Perl, who has been organizing public seders in Mineola since 1990, said this will be the first time in his 66 years that he will be alone, along with his wife, for Passover.
“I’ve always been with my parents, my grandparents, my children, my grandchildren and now they are all going to be in their own homes, and we’re going to be in my own,” he said.
In a sermon last month, delivered over a conference call and on Facebook, Perl noted the Biblical roots of Passover: the Israelites’ freedom from bondage.
“The night before we left Egypt, we were actually quarantined in order to protect ourselves from the 10th plague” — the slaying of the Egyptians’ first born — “we all had to be home and there was a focus on the home, on the family,” said Perl, speaking in the first person to follow the tradition that Jews recount the Passover story as if experiencing it personally.
There is also more local demand for kosher-for-Passover food — observant Jews don’t eat any food or beverage with grains that have risen or are fermented, including bread, pasta, liquor and beer — according to Timothy D. Lytton, a distinguished university professor at Georgia State University College of Law who studies kosher food.
He noted that Jews who usually travel for the eight-day Passover holiday — to forego the considerable work to prepare an observant home for the holiday — can’t do so this year because of coronavirus-related cancellations. Rabbis have prohibited out-of-town traveling or guests.
“All those people are staying in town now, so all of the people who would otherwise have gone away are now competing for the same limited stock for Passover supplies in the local supermarkets,” he said.
Perl said he purchased lots of matzo to distribute in anticipation of attenuated effects of the crisis. Just before an interview with Newsday, Perl said, he fielded a call from a woman who asked him for help acquiring matzo and other food for the holiday, and “I’m going to take care of it.”
In Great Neck, Sherman, a banker, held a dress rehearsal of sorts on Sunday to sort out the logistics of the virtual seder.
“It’s a tradition that works best with the largest number of your loved ones,” he said.
His partner, Myra Maultasch, who worked in marketing before retiring, said the holiday is one of her favorites.
“You tell the story, you share stories, you share memories,” she said.
Sherman's son Mike, in Ohio, a major in the Air Force, took the lead on the technology, including helping his 92-year-old grandmother prepare to use the video chat app.
“He’s also responsible for training grandma, so she can figure out how to get on Zoom,” Myra said.

Michael Soshnick of Roslyn Heights usually attends a feast with up to 40 people. Credit: Danielle Silverman
But for Soshnick, a lawyer who is also an observant Jew, technology isn’t an option. He also said the message of Passover resonates especially today.
“Right now we’re all to some extent imprisoned by this coronavirus," he said. "We’re not able to go where we want to go and do what we want to do, and we just don’t have the same freedom that we had a month ago.”

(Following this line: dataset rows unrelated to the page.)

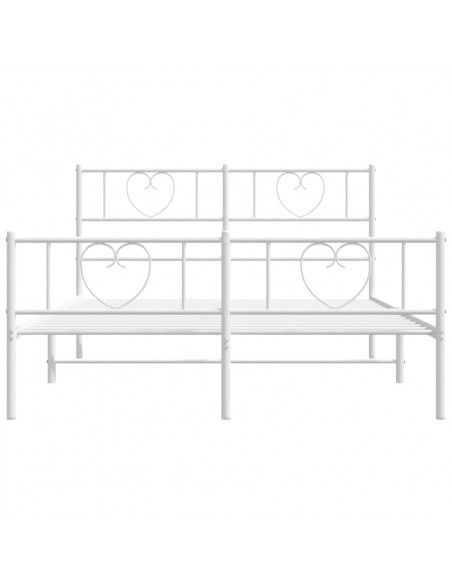 Giroletto con Testiera e Pediera Metallo Bianco 135x190 cm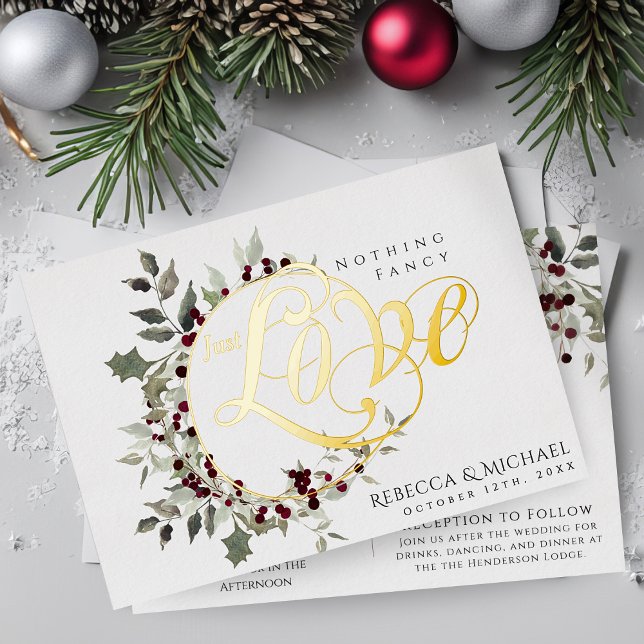 Invitación Con Relieve Metalizado Nothing Fancy Just Love Winter Holly Wedding Gold (Subido por el creador)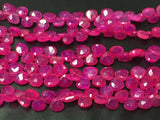 2 Strands - 6 mm size - Pink Chalcedony Faceted Heart shape- approx 60 Pcs/Strand- length 8''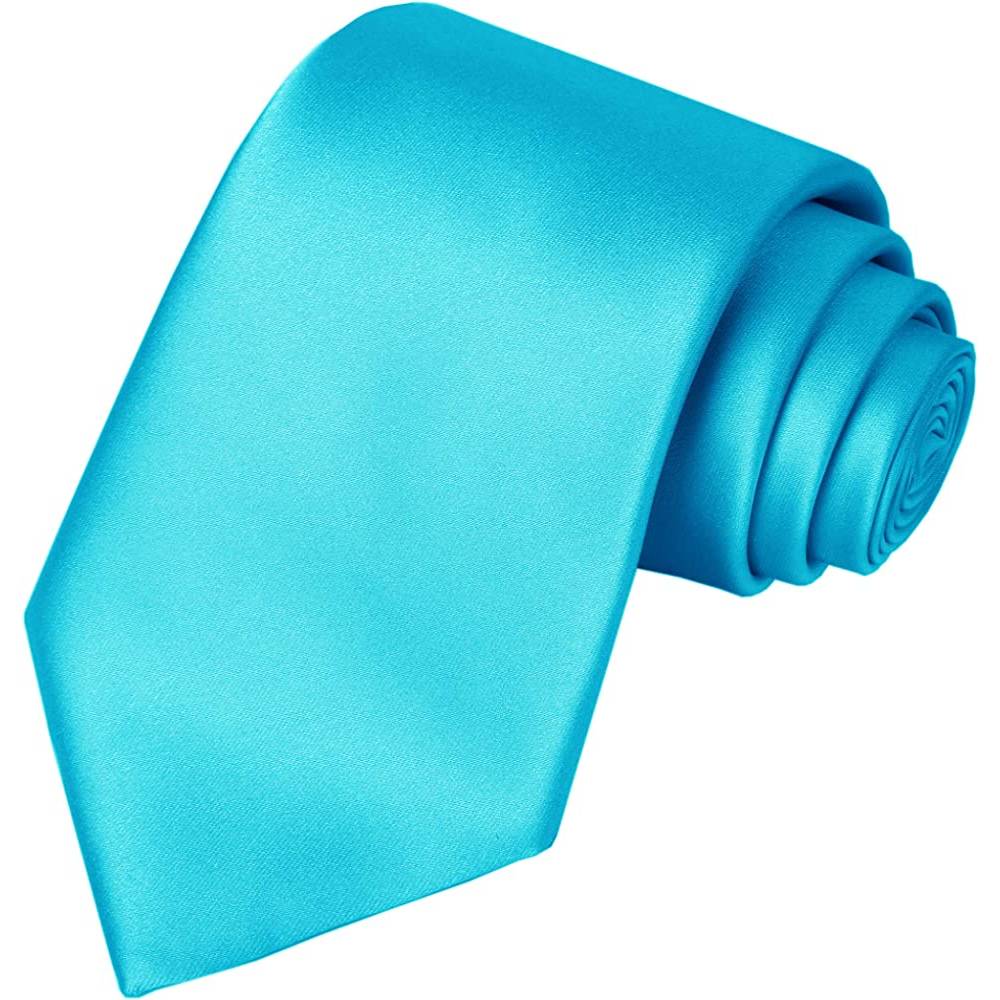 KissTies Solid Satin Tie Pure Color Necktie Mens Ties + Gift Box | Multiple Colors - TUBL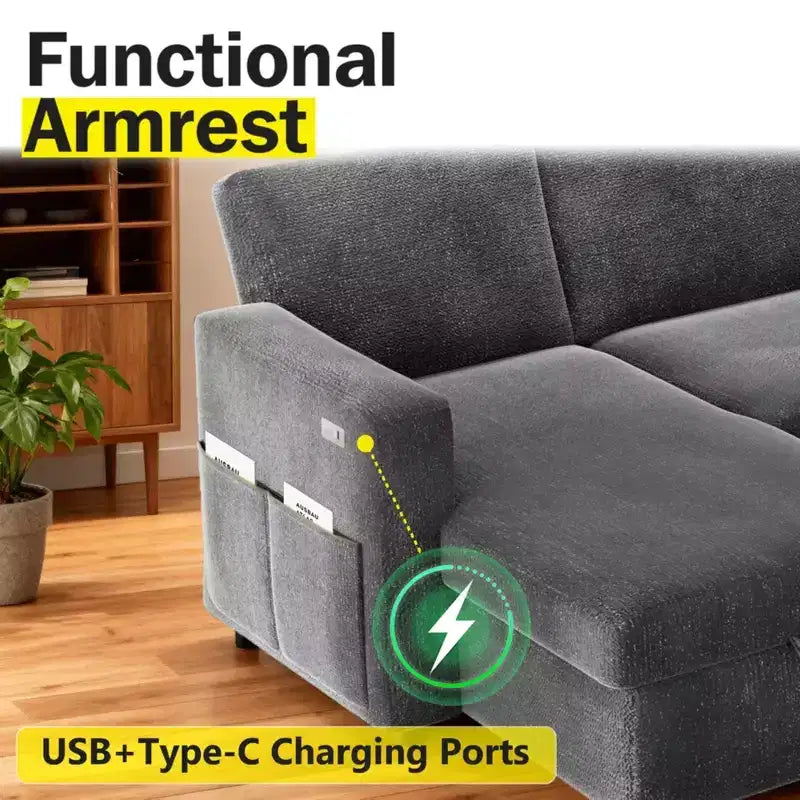 2-in-1 Pull Out Sleeper Sofa with Storage Chaise, Chenille Sectional Couch with USB Ports for Living Room
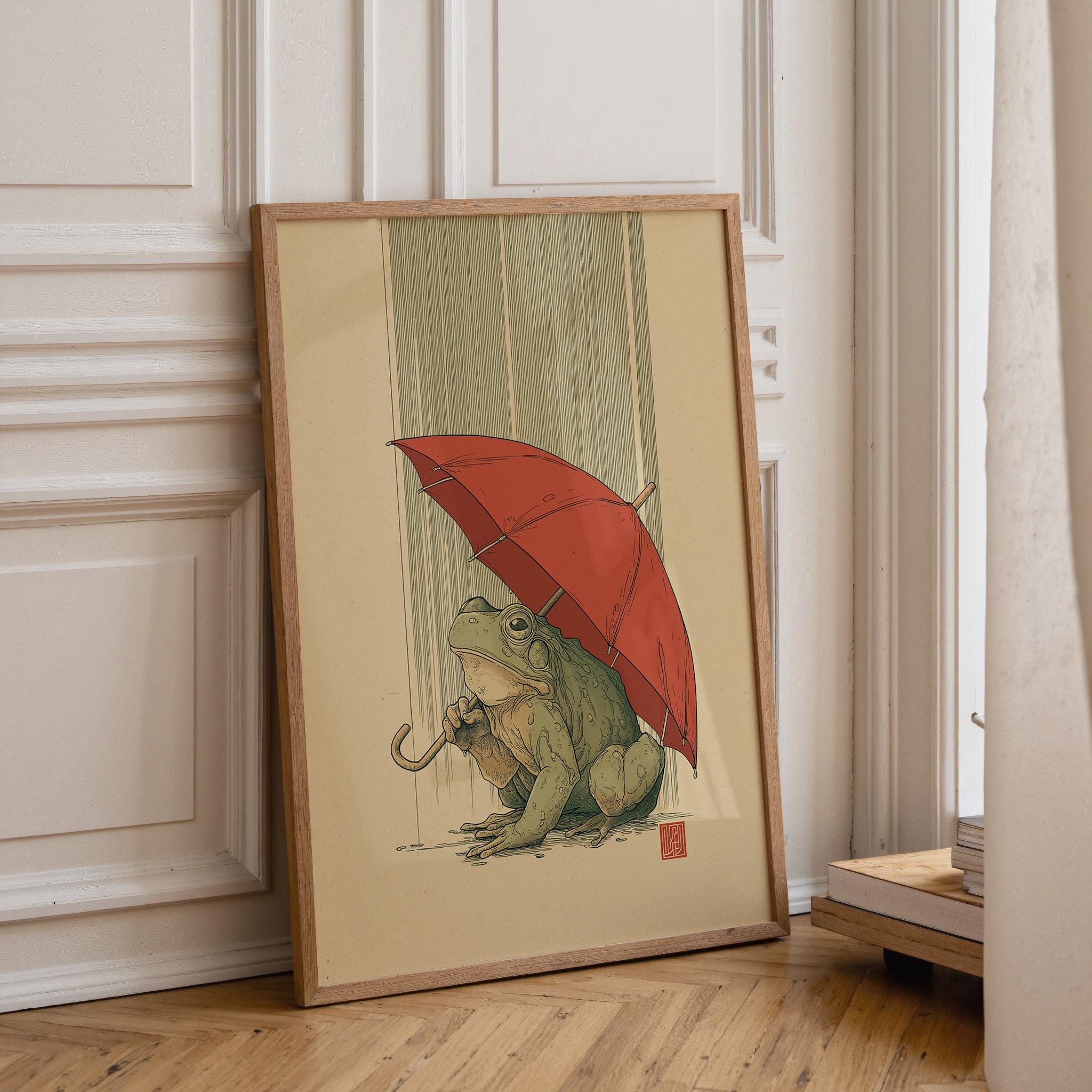 Mouse With Umbrella Cute Rainy Day Minimalist Nursery Wall Art by The Wall Art Studio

And who will ask the seder’s Four Questions, traditionally recited by the youngest in attendance, beginning with “Why is this night different from all other nights?”
At the Sherman seder, the duty will fall to Mike’s 5-year-old son, Bernie.
The person asking at Soshnick’s is unlikely to be a kid.
“I may have to,” the 66-year-old said, “but I may answer them as the leader of the seder.”